Em muitos estados a UJS prepara as suas plenárias para lançar o 14º. Congresso. A partir delas, haverá o acionar de uma grande estruturação que consolidará núcleos e direções que se dirigirão a vários milhares de jovens convidando-os para conhecer a UJS. Será um semestre em que muitos jovens sentirão o chamado a uma militância mais ativa, maiores responsabilidades.

Acredito que este riquíssimo momento merece que as direções tracem táticas e formas de falar com esta juventude, a partir dos que já são filiados, mas buscando dialogar com amplas parcelas da juventude, muita gente independente nas escolas, no trabalho, nas universidades, na periferia e também em movimentos juvenis, jovens que já entendem a importância das causas, de ser voluntário, muitos sem entender ainda que a militância, este voluntariado político, muda a realidade. Para que entendam isto, precisam ter a oportunidade de nos ouvir, e a responsabilidade de pensar estes momentos, de criar estas oportunidades, esta responsabilidade é nossa.

Envolver, convidar e saber se apresentar é fundamental para que amplas parcelas da juventude possa sentir-se parte da mudança do Brasil. Para isto é necessário ter uma pedagogia própria. Não somos uma igreja, nem uma empresa, somos algo muito diferente e devemos entender que nossos fóruns, reuniões, plenárias devem ser construídos conscientemente, devem ter um roteiro claro para que as pessoas nos entendam e se sintam chamadas a participar, convidadas a dar sua contribuição voluntária e consciente à mudança.
O desafio teórico e prático de se dirigir à juventude e a construção do 14o. Congresso.
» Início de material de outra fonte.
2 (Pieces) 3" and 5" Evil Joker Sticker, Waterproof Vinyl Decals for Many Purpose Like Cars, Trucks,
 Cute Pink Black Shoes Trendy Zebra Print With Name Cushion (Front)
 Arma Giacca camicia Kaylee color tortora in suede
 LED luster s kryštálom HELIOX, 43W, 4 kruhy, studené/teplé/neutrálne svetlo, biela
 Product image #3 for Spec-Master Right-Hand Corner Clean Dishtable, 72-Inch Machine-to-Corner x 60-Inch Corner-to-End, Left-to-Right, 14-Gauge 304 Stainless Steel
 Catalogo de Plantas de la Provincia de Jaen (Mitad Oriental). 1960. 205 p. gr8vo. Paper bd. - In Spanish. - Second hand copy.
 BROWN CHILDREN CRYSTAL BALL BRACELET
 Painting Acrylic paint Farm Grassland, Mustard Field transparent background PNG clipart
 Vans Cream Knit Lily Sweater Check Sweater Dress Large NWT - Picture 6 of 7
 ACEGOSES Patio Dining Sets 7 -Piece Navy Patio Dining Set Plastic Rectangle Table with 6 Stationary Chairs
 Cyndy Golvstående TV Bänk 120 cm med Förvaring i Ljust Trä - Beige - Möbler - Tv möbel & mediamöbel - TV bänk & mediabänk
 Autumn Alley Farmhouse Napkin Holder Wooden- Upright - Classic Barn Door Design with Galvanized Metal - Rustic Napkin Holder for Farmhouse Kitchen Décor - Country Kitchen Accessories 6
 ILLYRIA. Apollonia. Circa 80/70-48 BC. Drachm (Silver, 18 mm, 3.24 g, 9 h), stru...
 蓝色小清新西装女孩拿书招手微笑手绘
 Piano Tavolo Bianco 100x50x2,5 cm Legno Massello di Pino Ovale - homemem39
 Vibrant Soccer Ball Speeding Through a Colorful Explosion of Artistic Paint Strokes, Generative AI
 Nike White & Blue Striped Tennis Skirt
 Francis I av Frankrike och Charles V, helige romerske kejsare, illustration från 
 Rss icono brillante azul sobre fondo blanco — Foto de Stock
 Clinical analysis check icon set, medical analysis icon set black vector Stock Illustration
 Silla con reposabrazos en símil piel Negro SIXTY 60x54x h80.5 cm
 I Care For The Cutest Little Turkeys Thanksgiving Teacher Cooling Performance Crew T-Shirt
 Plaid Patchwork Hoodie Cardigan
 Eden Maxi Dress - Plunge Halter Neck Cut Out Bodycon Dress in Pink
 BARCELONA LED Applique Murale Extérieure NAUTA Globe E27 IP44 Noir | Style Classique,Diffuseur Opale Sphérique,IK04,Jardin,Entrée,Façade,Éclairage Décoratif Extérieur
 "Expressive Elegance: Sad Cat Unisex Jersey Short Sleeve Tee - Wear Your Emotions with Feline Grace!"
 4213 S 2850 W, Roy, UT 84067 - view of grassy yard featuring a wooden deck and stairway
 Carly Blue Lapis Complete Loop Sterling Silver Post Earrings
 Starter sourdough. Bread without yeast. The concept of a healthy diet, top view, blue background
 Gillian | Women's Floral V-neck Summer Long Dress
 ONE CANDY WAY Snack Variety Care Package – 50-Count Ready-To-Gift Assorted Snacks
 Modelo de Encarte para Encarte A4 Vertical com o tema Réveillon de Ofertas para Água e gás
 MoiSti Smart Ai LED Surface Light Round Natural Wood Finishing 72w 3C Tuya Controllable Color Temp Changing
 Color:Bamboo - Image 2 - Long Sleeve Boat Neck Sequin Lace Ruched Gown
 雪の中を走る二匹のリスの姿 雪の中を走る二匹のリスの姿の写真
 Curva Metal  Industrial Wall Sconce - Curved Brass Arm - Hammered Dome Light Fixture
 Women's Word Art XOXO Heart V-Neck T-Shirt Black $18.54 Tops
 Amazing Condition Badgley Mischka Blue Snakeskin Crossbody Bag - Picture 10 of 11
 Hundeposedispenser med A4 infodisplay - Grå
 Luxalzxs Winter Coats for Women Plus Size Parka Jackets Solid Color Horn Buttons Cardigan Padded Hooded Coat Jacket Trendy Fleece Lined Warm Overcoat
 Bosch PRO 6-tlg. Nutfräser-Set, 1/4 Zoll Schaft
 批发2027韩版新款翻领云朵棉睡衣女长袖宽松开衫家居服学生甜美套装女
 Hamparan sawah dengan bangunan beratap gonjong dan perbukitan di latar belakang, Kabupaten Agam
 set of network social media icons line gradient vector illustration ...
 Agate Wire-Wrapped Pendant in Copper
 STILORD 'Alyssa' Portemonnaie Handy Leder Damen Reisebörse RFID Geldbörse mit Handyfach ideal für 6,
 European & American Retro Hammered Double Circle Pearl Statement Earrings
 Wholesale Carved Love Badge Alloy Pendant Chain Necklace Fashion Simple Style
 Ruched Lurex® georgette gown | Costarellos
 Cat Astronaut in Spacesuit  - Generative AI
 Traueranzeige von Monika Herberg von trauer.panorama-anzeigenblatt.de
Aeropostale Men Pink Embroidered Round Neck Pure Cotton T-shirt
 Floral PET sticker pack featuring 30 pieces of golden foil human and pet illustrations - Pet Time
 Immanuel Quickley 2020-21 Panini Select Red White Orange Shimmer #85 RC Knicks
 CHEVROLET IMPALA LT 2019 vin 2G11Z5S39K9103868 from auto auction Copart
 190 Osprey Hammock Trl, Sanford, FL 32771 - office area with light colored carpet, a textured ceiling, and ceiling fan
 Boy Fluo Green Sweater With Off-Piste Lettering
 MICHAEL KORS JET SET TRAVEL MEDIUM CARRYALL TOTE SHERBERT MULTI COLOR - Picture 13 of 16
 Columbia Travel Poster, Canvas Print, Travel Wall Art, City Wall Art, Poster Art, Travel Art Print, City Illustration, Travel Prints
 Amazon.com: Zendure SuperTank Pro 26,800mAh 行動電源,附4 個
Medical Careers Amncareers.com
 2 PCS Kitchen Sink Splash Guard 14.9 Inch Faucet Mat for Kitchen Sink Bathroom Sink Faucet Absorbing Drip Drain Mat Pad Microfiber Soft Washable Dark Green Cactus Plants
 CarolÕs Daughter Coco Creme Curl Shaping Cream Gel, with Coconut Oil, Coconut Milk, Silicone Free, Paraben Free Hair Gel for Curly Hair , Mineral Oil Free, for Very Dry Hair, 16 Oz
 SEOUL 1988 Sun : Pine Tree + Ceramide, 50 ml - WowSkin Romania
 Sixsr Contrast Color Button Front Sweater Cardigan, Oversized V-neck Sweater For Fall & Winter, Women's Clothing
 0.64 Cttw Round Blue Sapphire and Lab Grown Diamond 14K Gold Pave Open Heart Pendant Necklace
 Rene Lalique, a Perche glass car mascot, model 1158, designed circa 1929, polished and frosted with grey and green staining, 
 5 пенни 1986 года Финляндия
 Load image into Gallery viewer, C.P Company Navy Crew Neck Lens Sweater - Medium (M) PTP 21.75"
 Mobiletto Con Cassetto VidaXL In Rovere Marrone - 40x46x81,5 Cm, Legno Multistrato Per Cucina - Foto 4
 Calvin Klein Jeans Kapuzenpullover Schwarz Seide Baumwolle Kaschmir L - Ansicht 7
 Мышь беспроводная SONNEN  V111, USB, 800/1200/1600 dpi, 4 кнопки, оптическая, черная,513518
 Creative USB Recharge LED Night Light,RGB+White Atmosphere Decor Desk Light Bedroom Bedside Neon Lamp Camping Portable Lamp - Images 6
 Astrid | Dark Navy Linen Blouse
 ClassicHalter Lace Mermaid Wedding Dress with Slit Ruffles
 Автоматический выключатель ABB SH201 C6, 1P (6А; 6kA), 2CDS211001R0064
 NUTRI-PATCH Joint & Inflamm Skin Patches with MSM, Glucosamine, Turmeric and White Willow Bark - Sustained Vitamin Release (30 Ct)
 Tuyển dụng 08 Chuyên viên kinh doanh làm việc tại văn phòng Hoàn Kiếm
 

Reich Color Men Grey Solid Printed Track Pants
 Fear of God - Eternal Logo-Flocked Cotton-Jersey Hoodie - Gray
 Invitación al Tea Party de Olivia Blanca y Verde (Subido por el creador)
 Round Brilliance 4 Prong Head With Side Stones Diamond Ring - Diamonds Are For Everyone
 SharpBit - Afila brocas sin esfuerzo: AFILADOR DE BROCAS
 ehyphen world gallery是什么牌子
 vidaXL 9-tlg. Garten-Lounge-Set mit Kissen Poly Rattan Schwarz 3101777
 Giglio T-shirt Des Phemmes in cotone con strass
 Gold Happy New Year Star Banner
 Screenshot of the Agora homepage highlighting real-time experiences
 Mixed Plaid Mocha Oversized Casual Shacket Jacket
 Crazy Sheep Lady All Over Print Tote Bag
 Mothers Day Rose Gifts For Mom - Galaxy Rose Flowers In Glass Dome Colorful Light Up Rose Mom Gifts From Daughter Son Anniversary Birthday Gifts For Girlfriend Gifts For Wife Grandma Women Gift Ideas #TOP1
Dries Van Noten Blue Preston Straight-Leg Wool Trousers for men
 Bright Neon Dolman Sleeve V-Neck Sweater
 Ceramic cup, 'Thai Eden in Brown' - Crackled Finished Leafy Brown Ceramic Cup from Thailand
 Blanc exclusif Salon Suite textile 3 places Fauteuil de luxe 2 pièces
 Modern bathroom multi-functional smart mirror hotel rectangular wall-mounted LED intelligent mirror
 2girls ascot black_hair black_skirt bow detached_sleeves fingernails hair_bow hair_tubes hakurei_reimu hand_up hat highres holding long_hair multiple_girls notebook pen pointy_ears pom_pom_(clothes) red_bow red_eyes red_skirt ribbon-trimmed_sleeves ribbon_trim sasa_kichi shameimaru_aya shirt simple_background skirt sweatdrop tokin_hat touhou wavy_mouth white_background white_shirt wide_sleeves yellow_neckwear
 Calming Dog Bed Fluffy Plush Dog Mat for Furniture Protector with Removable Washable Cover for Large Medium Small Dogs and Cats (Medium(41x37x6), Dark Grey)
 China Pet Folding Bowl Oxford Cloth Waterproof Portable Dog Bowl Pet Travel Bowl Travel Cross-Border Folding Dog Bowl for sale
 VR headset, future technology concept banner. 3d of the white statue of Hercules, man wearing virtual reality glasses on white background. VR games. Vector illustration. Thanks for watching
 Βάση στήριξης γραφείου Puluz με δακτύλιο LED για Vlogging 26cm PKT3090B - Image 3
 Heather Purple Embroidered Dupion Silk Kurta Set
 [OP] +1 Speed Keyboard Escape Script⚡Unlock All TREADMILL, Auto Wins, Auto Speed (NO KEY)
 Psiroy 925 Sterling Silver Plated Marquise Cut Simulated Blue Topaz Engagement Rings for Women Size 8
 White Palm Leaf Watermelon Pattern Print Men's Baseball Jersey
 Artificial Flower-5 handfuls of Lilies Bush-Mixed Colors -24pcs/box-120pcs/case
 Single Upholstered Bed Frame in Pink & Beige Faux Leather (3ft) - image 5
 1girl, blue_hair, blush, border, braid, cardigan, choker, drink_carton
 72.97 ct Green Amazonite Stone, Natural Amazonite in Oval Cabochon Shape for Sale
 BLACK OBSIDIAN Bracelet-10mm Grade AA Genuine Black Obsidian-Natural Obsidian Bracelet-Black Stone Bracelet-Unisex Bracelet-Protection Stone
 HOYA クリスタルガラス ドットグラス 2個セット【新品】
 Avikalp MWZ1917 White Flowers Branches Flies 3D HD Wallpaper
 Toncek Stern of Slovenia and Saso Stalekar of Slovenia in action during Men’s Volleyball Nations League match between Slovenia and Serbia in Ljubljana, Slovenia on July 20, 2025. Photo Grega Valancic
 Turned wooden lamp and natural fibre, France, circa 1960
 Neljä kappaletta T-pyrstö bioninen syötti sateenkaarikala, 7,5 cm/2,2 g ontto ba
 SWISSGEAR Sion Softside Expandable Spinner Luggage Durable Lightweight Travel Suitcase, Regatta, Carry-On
Vários estados preparam cursos voltados às principais lideranças, cursos que ajudarão àqueles que ocuparão lacunas nos postos de direção a entenderem melhor como se tornarem lideranças. É um passo muito importante. Mais importante que este passo é, no entanto, na minha visão, elaborar ao nível dos estados e municípios, com destaque para os principais núcleos, espaços em que nos dirijamos a mais jovens de maneira compreensível, legal, segundo cada contexto, multiplicando por muitos milhares os jovens que conhecem a UJS. E como já opinei nesta coluna, Filiado é pra se guardar do esquerdo do peito, e já há um grande público para quem temos a obrigação de falar, os que já são filiados, os amigos que a UJS fez nas passeatas do Fora Bush, nos Congressos da UNE e da UBES, nos encontros de jovens trabalhadores e no processo da Conferência de Juventude.

Por isto estamos elaborando o curso de Nível 1 da UJS. Será no formato de uma reunião preparada para dar boas vindas, para apresentar a UJS. De uma proposta elaborada centralmente poderão se preparar inúmeros modelos, adaptações criativas que permitam que se dê a mesma mensagem de diversas formas, a expressão juvenil concreta à mais juvenil das mensagens, a que apresenta o socialismo à juventude e a juventude ao socialismo. Que cada voz dê o tom à mensagem e que possamos levá-la a todos. Que seja bem dito com a emoção da convicção e com a clareza do método e da empatia. E que dos muitos milhares que nos escutem surja a compreensão de que precisamos de mais jovens para defender as causas justas, para tomar parte na História do Brasil.

*Paulo Vinícius, Cientista social e diretor de formação da UJS.